WASHINGTON – A federal report released Tuesday found that the Trump administration set a rock-bottom price on the damage done by greenhouse gas emissions, enabling the government to justify the costs of repealing or weakening dozens of climate change regulations.
The report by the Government Accountability Office, Congress' nonpartisan investigative arm, said the Trump administration estimated the harm that global warming will cause future generations to be seven times lower than previous federal estimates. Reducing that metric, known as the "social cost of carbon," has helped the administration adjust cost-benefit analyses, particularly for rules that allow power plants and automobiles to emit more planet-warming carbon dioxide.
Critics described the Trump administration's move as turning a deliberate blind eye to the dangers of climate change.
"Climate change is a massive threat to our economy. That threat will only grow in years to come, even if we take the action necessary to avoid the worst effects of climate change," said Sen. Sheldon Whitehouse of Rhode Island, one of eight Democrats who requested the review.
The White House did not respond to a request for comment on the report.

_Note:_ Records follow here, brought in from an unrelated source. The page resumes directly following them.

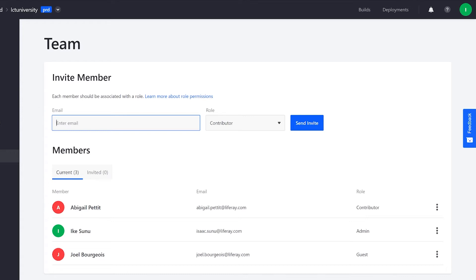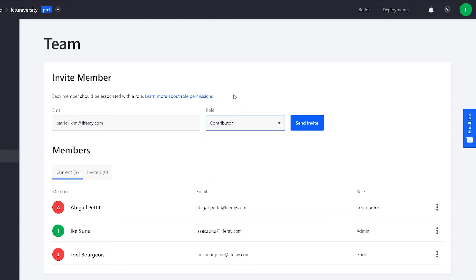Inviting members is simple. All we need is a valid email address, and then we can choose one of three roles for them: Admin, contributor, and guest.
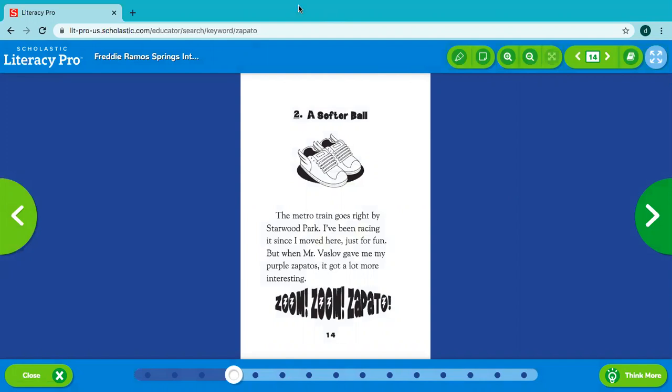Okay, next time we will read chapter two. And we're going to go ahead and stop right here.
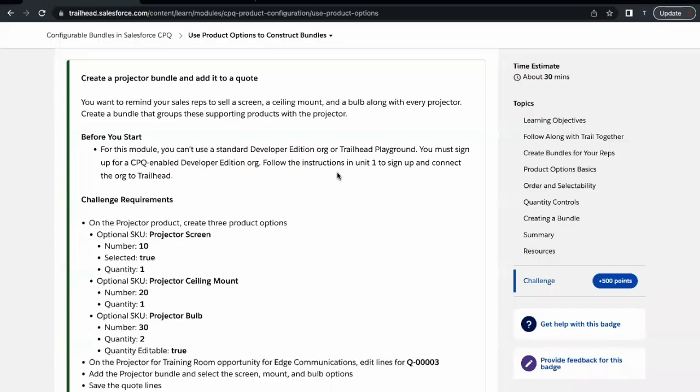Hello everyone, welcome back to another video of Trailhead explanation. In this video we are going to cover the unit 'Use Product Options to Construct Bundles.' This unit is from the module Configurable Bundles in Salesforce CPQ. In this unit we are going to go into how we can create a product bundle and associate certain products as product options to that particular bundle, and then add it into our quote line.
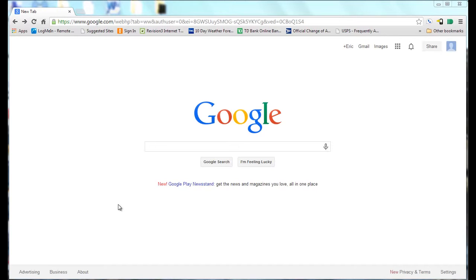In this Google Quick Tip, I'll show how you can use Google as a dictionary to look up the definitions of words.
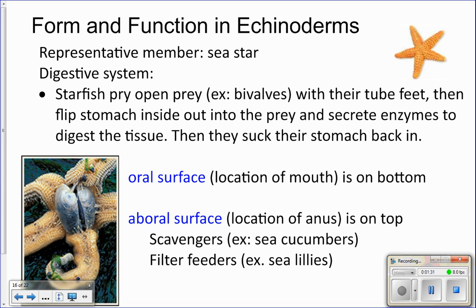If you're looking at a starfish on a rock, the side you're seeing is the aboral surface — that's the top of the animal, and that's where the anus is located. If you take that starfish off the rock and flip it over, that's the oral surface, where the mouth is located. So the mouth is actually on the bottom of the animal.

Every ton of carbon dioxide released into the atmosphere imposes a cost on the economy, whether from damage to infrastructure from sea level rise and heat waves or harm to public health. But calculating the price of that damage has been economically challenging and politically contentious.
Conservatives have argued that the valuation serves to make big energy projects look bad and lays the foundation for burdensome and costly industry regulations. Many Republicans said that the Obama administration's estimates — which in 2016 determined the social cost of carbon to be about $50 a ton by 2020 — were unrealistic and intentionally onerous.
The Trump administration has overhauled not just the regulations governing the economy but also the economic foundations that underpin those regulations. One of Trump's earliest moves was to order agencies to unwind Obama's climate policies and with them the social cost of carbon he had set.
When the Trump administration put forward its own rules to regulate emissions from power plants and vehicles, it estimated the cost of climate damage between $1 and $7 per ton of carbon.